If x, y and z are respectively 1th, 2mth ,3nth terms of a H.P., then \[\Delta = \left| {\begin{array}{*{20}{c}}
  {yz}&{zx}&{xy} \\
  l&{2m}&{3n} \\
  1&1&1
\end{array}} \right|\] is independent of
A.x and y
B.m and n
C.x, y, z, m, n
D.x, y, z

Answer 1

Hint: First, simplify the determinant \[\Delta \] and use the above given information to solve the determinant and find the value of \[\Delta \] . Check if any of the variables x, y, z, m or n are present in the value of \[\Delta \] . If any, choose the correct option which does not include that variable.

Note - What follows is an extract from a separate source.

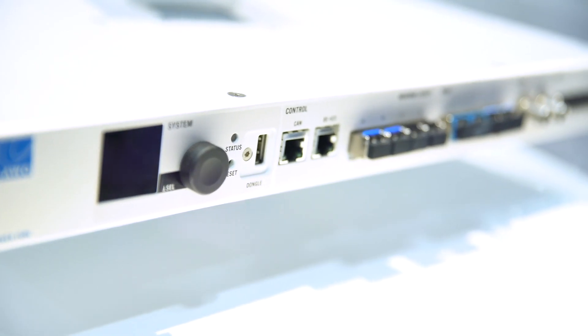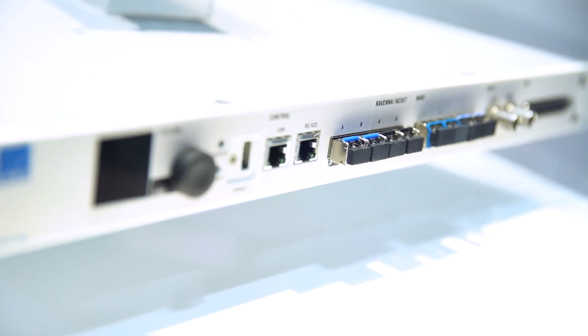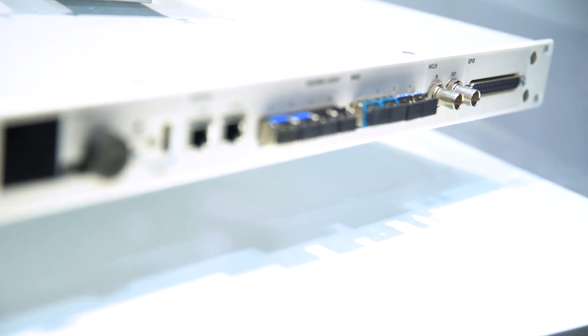We now have SFP modules on the front for Ethernet. This enables you to run glass and long distances of fiber between your PowerCores, so this is another level of flexibility that you get.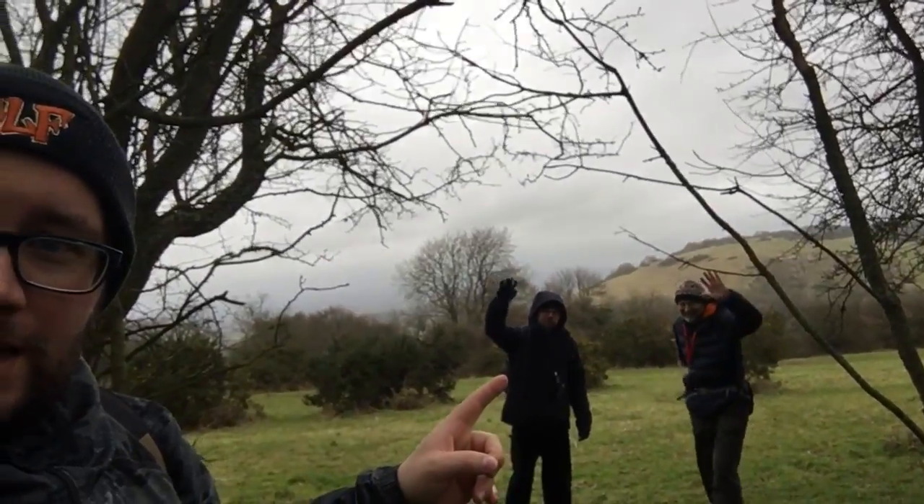Hi guys, Geo Paul. I'm out today with some fellow cachers. I've got Mr. Billy Whiz and Nighthawk just over there. And we have found quite an interesting style cache — very clever, yet so simple to make. I want to show you guys this, so come on, let's go have a look.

Complete step-by-step answer:
Here, it is given that \[\Delta = \left| {\begin{array}{*{20}{c}}
  {yz}&{zx}&{xy} \\
  l&{2m}&{3n} \\
  1&1&1
\end{array}} \right|\]
First, we need to simplify the determinant and then solve further
 \[\Delta = \left| {\begin{array}{*{20}{c}}
  {yz}&{zx}&{xy} \\
  l&{2m}&{3n} \\
  1&1&1
\end{array}} \right|\]
Taking \[xyz\] common from \[{R_1}\]
 \[\therefore \Delta = xyz\left| {\begin{array}{*{20}{c}}
  {\dfrac{1}{x}}&{\dfrac{1}{y}}&{\dfrac{1}{z}} \\
  l&{2m}&{3n} \\
  1&1&1
\end{array}} \right|\]
Now, it is also given that x, y and z are respectively 1^th, 2m^th and 3n^th terms of a H.P.
So, using the formula \[{T_n} = a + \left( {n - 1} \right)d\] , we will find x, y and z.
 \[\dfrac{1}{x} = a + \left( {l - 1} \right)d\]
 \[\dfrac{1}{y} = a + \left( {2m - 1} \right)d\]
 \[\dfrac{1}{z} = a + \left( {3n - 1} \right)d\]
Now, substituting the values of \[\dfrac{1}{x}\] , \[\dfrac{1}{y}\] and \[\dfrac{1}{z}\] in \[\Delta \]
 \[\therefore \Delta = xyz\left| {\begin{array}{*{20}{c}}
  {a + \left( {l - 1} \right)d}&{a + \left( {2m - 1} \right)d}&{a + \left( {3n - 1} \right)d} \\
  l&{2m}&{3n} \\
  1&1&1
\end{array}} \right|\]
Now, applying \[{R_1} = {R_1} + a{R_3}\]
 \[\therefore \Delta = xyz\left| {\begin{array}{*{20}{c}}
  {\left( {l - 1} \right)d}&{\left( {2m - 1} \right)d}&{\left( {3n - 1} \right)d} \\
  l&{2m}&{3n} \\
  1&1&1
\end{array}} \right|\]
Now, applying \[{R_2} = {R_2} - {R_3}\]
 \[\therefore \Delta = xyz\left| {\begin{array}{*{20}{c}}
  {\left( {l - 1} \right)d}&{\left( {2m - 1} \right)d}&{\left( {3n - 1} \right)d} \\
  {l - 1}&{2m - 1}&{3n - 1} \\
  1&1&1
\end{array}} \right|\]
Taking d common from \[{R_1}\]
 \[\therefore \Delta = xyzd\left| {\begin{array}{*{20}{c}}
  {l - 1}&{2m - 1}&{3n - 1} \\
  {l - 1}&{2m - 1}&{3n - 1} \\
  1&1&1
\end{array}} \right|\]
Now, we can see that, \[{R_1} = {R_2}\] . So, it is clear that the value of determinant becomes 0.
 \[\therefore \Delta = 0\]
The value of \[\Delta \] is 0.
Hence, \[\Delta \] does not depend on the values of x, y, z, m or n.
Hence option C is correct answer
Note: In this question, the value of \[\Delta \] becomes 0, because \[{R_1} = {R_2}\] .
If either of any two rows or any two columns in a determinant become equal, then the value of that determinant becomes 0. In this case the first two rows become equal. So, the value of determinant became 0.
Harmonic Progression (H.P.) is a sequence of real numbers formed by taking the reciprocals of the terms of an Arithmetic Progression (A.P.). Since they are mostly similar, they have the same formulas for nth term, sum of n terms, etc.